Nos processos de avaliação, algo que pode ser destacado como observação relevante foi a sugestão de incorporação de um coreógrafo na etapa da dramaturgia da sala de ensaio. Ainda que Aldren Licoln permanecesse conosco nessa etapa, auxiliando nos aspectos concernentes à corporeidade, a sua função não era de coreógrafo da mostra cênica. Essa observação foi feita por apenas alguns dos participantes, e indica o desejo de que a linguagem da dança ganhe mais destaque na metodologia, o que é um dado a ser considerado paras as próximas edições. Outro dado recorrente foi no que diz respeito ao aumento da carga horária do curso para que se pudesse aprofundar no processo colaborativo de criação, algo que também foi observado na avaliação de Juazeiro.

No caso de Jequié, já temos notícias sobre a articulação dos alunos no intento de se constituírem em um coletivo. Outros grupos que estavam desativados voltaram ao trabalho com a passagem do Oficinão, como nos indica o depoimento de Pretho Souza, participante de dedicação e encantamento que inebriou toda a equipe, que diz:

[...] Estarei pondo em prática o que aprendi com vocês, oficinas, métodos, processo de criação colaborativo no grupo de teatro que montamos ontem. (Na cia. Arte Viva estava apenas tendo oficina e o grupo estava desativado, retornamos ontem pra valer.).

Grande abraço, desejo que os focos, refletores, set lights e etc... permaneçam sempre ligados na vida de vocês e para vocês. (depoimento do aluno encaminhado via e-mail dia 20 de Maio de 2013).

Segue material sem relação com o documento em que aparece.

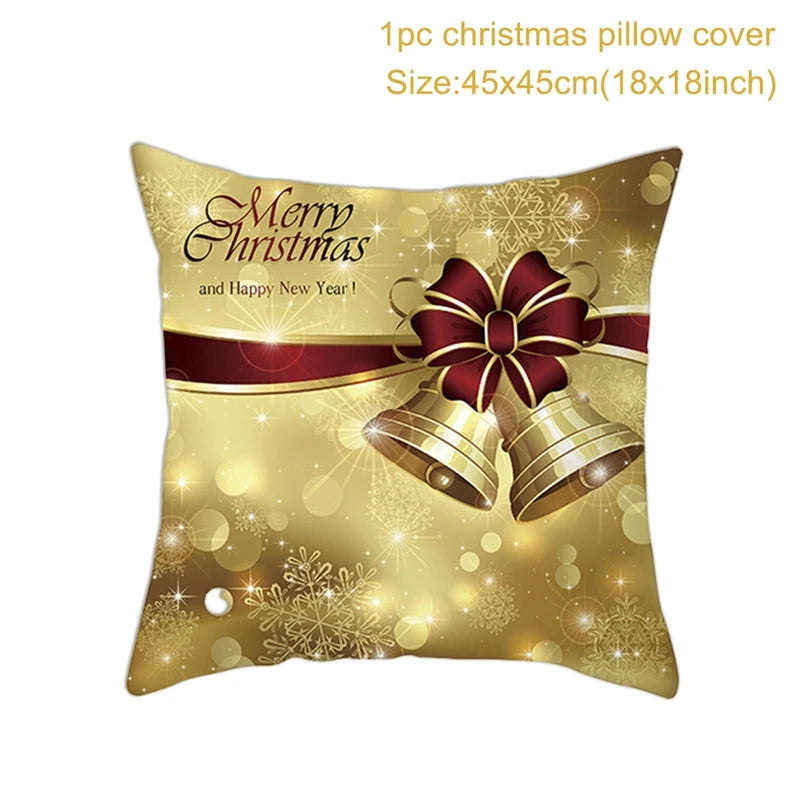 Golden Christmas pillow cover with red ribbon and bells, snowflakes, and "Merry Christmas and Happy New Year!" text. Size details: 45x45cm (18x18 inches).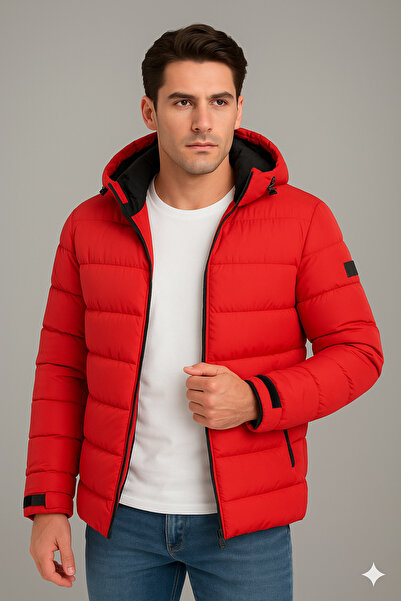 blayn jeans Erkek siyah içi polar Kapüşonlu Şişme günlük ve spor Mont | Kışlık, Rahat ve Suya Dayanıklı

Pretho foi um dos participantes que ao final da mostra decidiu retornar para casa sem tirar o figurino e maquiagem, como se quisesse que seus personagens ficassem tatuados em sua pele através da eternidade. Sensação que nos fez rememorar com nostalgia o início da trajetória teatral de alguns dos membros do “Finos”, que, quando ainda integrantes do Grupo de teatro da UESB, lá em Vitória da Conquista, contávamos as horas para que chegasse o fim de semana e caminhar da Avenida Olívia Flores até o Campus da Universidade – que fica afastado quatro quilômetros da cidade –, às sete da manhã, para ter aula de Teatro, em pleno domingo, o dia todo, e retornar para casa, também caminhando, sob um lindo entardecer, com um imenso sorriso de satisfação no rosto.